Successful strategies to improve the regional economy and attract residents also improve walkability. In fact, it works in reverse. Making a city more walkable improves the economy and attracts residents.
It's not that difficult or expensive to make an area walkable. A walkable neighborhood features walks that are useful, safe, comfortable, and interesting.
Useful--There is a destination to walk to. Zoning ordinances can detract from the usefulness of a neighborhood. Mixed-use zones allow people to live near enough to the places of their errands: A hair salon, a grocery store, an ice cream shop.
Safe--You won't get hit by a car. Streets these days are designed to be "safe" even well above the speed limit. Safe for the motorist, that is!
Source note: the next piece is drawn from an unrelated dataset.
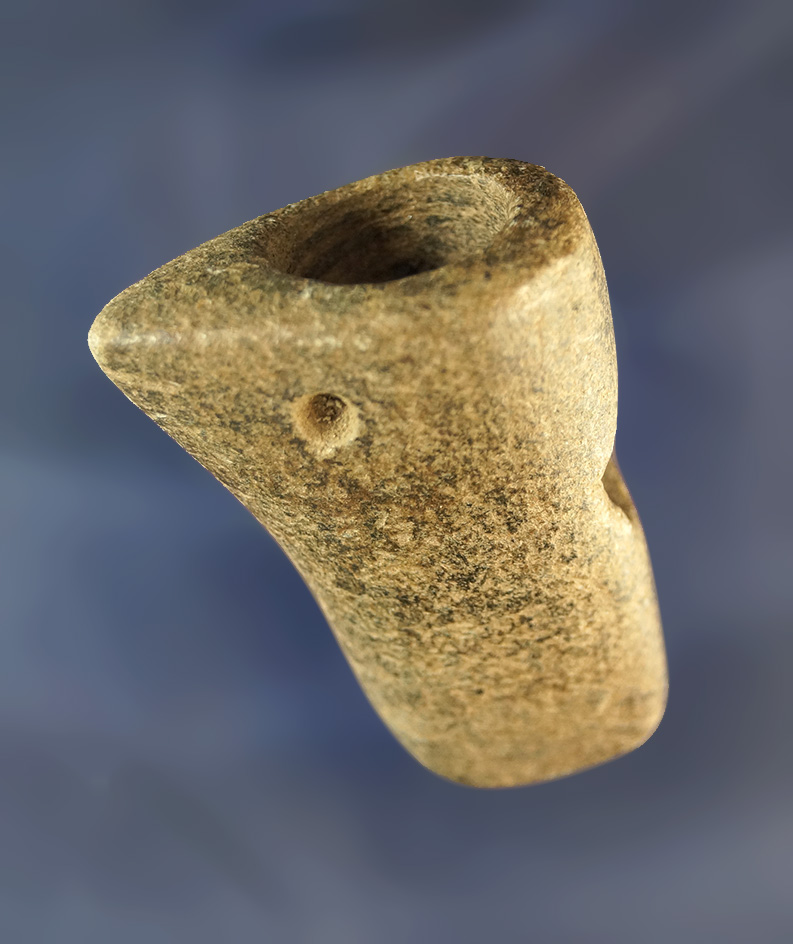 1 7/8" well styled Bird Effigy Pipe made from Hardstone found in southern Indiana.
Traffic calming measures that work are narrow and curved streets. (Trees help.) A street that feels unsafe to cars is safer for both motorists and pedestrians.
Comfortable--Buildings and landscape have the right shape. Again, trees help, as do awnings, benches, and low walls.
Interesting--"Signs of humanity abound". I don't think Speck means cars. He recommends interesting storefronts and trees (notice a pattern?) instead of parking lots and the vast blank walls of box stores.
I can't help but think about Kirksville while I'm reading. Two examples in particular stand out.
Speck could be describing Kirksville when he describes how the proliferation of one-way streets killed many a downtown. One-way streets make traffic flow smoothly. But downtowns die when traffic flows too smoothly. For the past few decades planners and engineers have catered to smooth traffic flow. But traffic shouldn't flow smoothly through certain areas--such as areas where businesses need customers to stop and shop, and residential areas that need slow, safe traffic.
A "road diet" can improve walkability. A few years ago, Kirksville, with good smooth-traffic-flow intentions, widened Jefferson St and took out all the trees on the south side. A few months ago, Jefferson St got a "road diet". Four lanes became three lanes (including a center turn lane), and the leftover width became bike lanes. This design is both safer and more efficient for motorists, encourages bicycling, and is more walkable. It would be even better with trees and destinations!
Many of Speck's recommendations target motor vehicle traffic. Speck isn't a car-hater. He knows that "build it and they will come" is true, so that building more roads to alleviate congestions actually makes congestion worse. Building more parking lots to alleviate crowded parking makes more crowded parking. Counter intuitively, cities that have successfully alleviated congestion and crowded parking did so by removing roads and parking, often at the same time improving conditions for other transportation modalities (transit, walking, and biking).
Of course, a walkable city is probably a bikeable city. But Speck cautions against becoming specialists. Bicyclists' needs have been ignored for so long that some overcompensation is called for, but city planners should consider the needs of all the users. That sounds familiar--that's the goal of Complete Streets.
I'm kind of excited about this book because Kirksville's downtown is, like so many small towns', struggling. Maybe this is the key--make it walkable and bring back success!